Editor's note: Some readers have expressed that they feel this story is culturally insensitive. Those criticisms are valid. While the intent of the post was to shine a light on a beloved longtime market that's important to Nashville's immigrant community as well as to the city itself, it came off as cultural tourism — a story that treats this market and this community as "other" rather than as a vital part of the city's cultural fabric. For that, we at the Scene — and I personally — would like to apologize. We'll use this as a learning opportunity and strive to do better in the future. D. Patrick Rodgers, editor-in-chief
K&S World Market on a Sunday is a testament to the sacred leisure of the day, but a test of patience for the newcomer.
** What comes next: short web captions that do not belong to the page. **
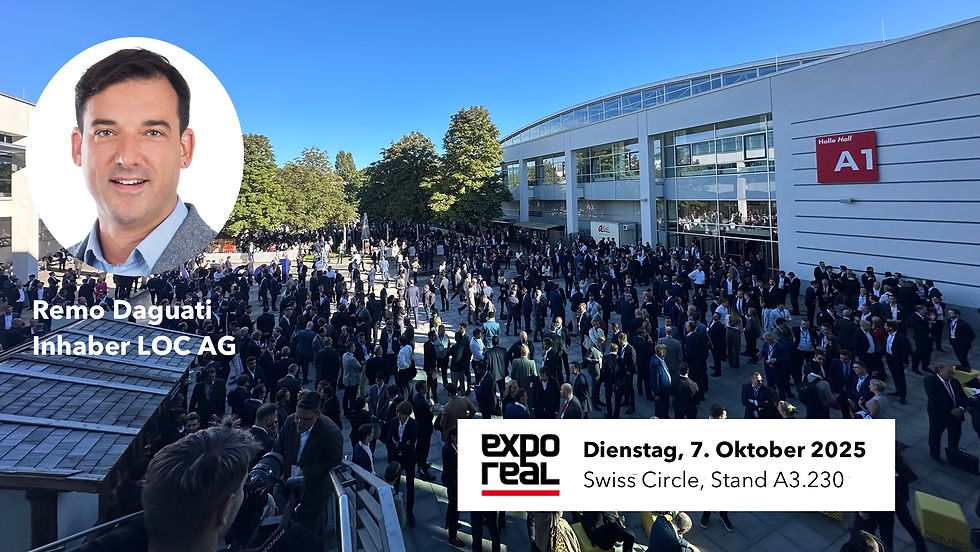 Remo Daguati, LOC AG, Expo Real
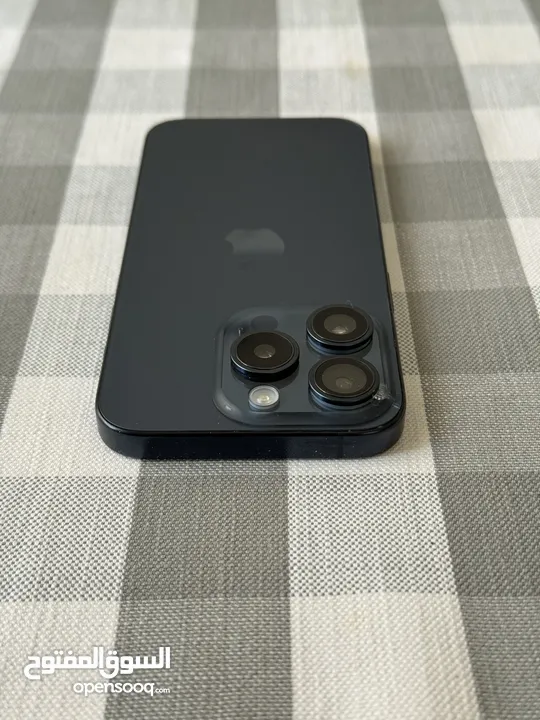 Iphone 15 pro blue 128GB used like new
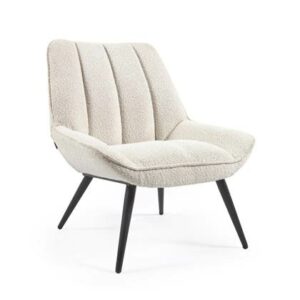 Fauteuil Wit Hout van Kave Home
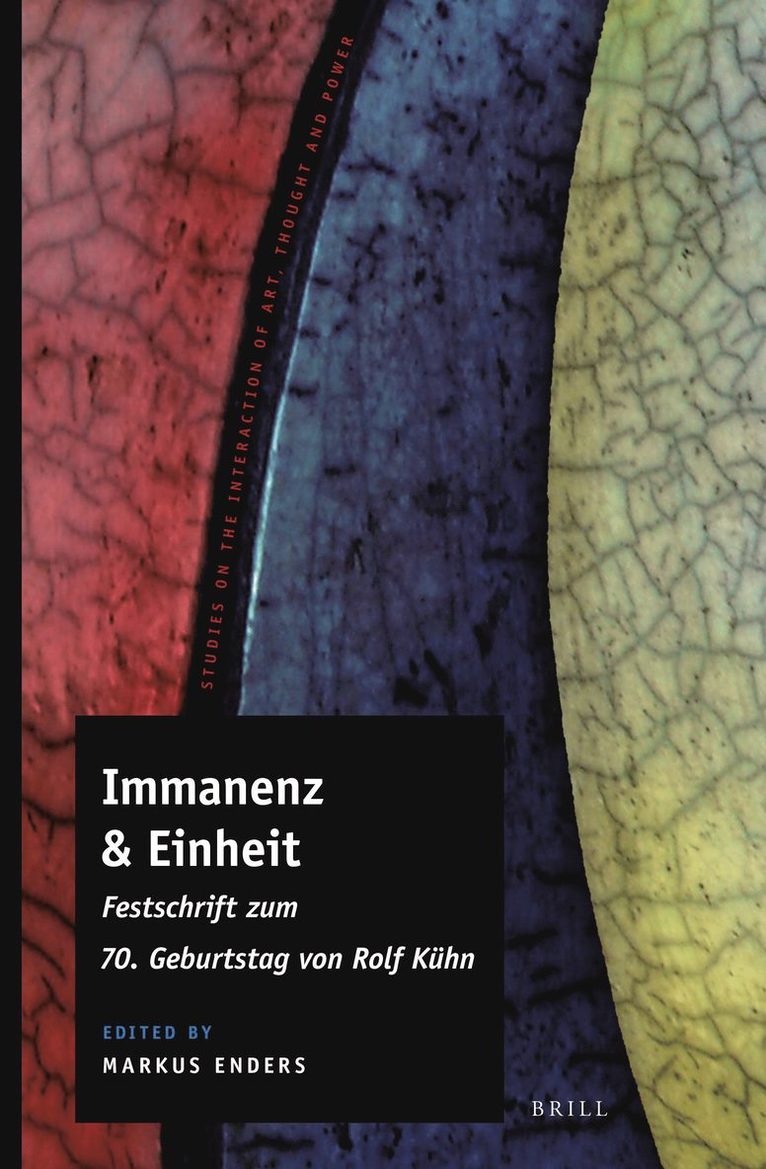 Immanenz & Einheit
I circle the parking lot three times before securing a spot at the neighboring pasteleria, and as I gather my bags, I see a vendor bundled in a headscarf and a puffer jacket having an unhurried conversation with a boy as she hands him a Styrofoam cup of hot chocolate. In that moment I understand the mindset of the patrons entering and exiting the shop: of having no place more important to be.
The past year has been no time for extravagance, and balms for the isolation have come in the form of impulse Turnip Truck visits and sudden urges to curate an organic and sustainable pantry. I found a grocery goldmine in the shops on Nolensville Pike’s interminable strip. My first trip to K&S stems from two things: the advice of culinary friends and the fact that two supermarkets I visit regularly lack the ingredients I need (red curry paste and fish sauce).
When I enter through the sliding double doors, I’m immediately in the heart of the produce section. The first word that comes to mind is "reverie," and then "variety." Bananas come in red, baby, Manzano and the standard (priced 20 cents cheaper than Kroger’s organic kind). Avocados the size of my open palm adorn an unassuming corner; melons, cucumbers and peppers are quadruple the size and half the price.
Diversity and cost-efficiency are recurring themes throughout the store. A full butcher and seafood section is located in the back with live crabs, tilapia and lobster. The last time I saw a tank in a grocery store was definitely in the late ’90s inside of a Walmart. I feel a rush of nostalgia, that sense of childhood advocacy I felt on seeing the lobster tanks, but also delight at the fact that I can purchase fresh tilapia at K&S for $4.99 per pound. I text my mom to see how much she spent on crab recently; she says $50 per pound. I reply, “K&S has live crab for $17.99/lb, joke's on us.”

I make my way through the rest of the shop. Entire aisles are dedicated to myriad spices, rice stacked to the ceiling and salt galore (Samin Nosrat would be overjoyed). As I’m looking through the snack aisle, a thought snaps me out of my fixation on fried-chicken-flavored Lay's: This place caters to everyone. I look up and see a Middle Eastern family, an elderly Asian man, a Latina grandmother and her granddaughter, and a white couple near the end of the aisle. This is the real Nashville.
As I enter the checkout line, I’m reminded again to slow down — no self checkouts here. There's a little girl with black pigtails flowing down her back ahead of me. She’s got her eyes on a footlong strand of marshmallow called “crazy legs.” Her dad plucks one down for her and she beams. I exit the store and stop for a hot chocolate from the vendor. When I ask to take her picture she squints and pointedly strikes me down. I laugh and jog away in embarrassment, thinking to myself that an hour spent here on a Sunday is a better way to meditate on life than sitting in a foldout chair on the lawn of one of Nashville’s megachurches. I also saved a ton on groceries.
K&S offers two locations: one on Nolensville Pike in South Nashville and the other on Charlotte Pike on the West Side. Soon in my quest for exciting new eats, I hope to visit locally owned Fresh&Fresh, the palatial new Patel Brothers Indian marketplace, and the Mazfresco located in Plaza Mariachi.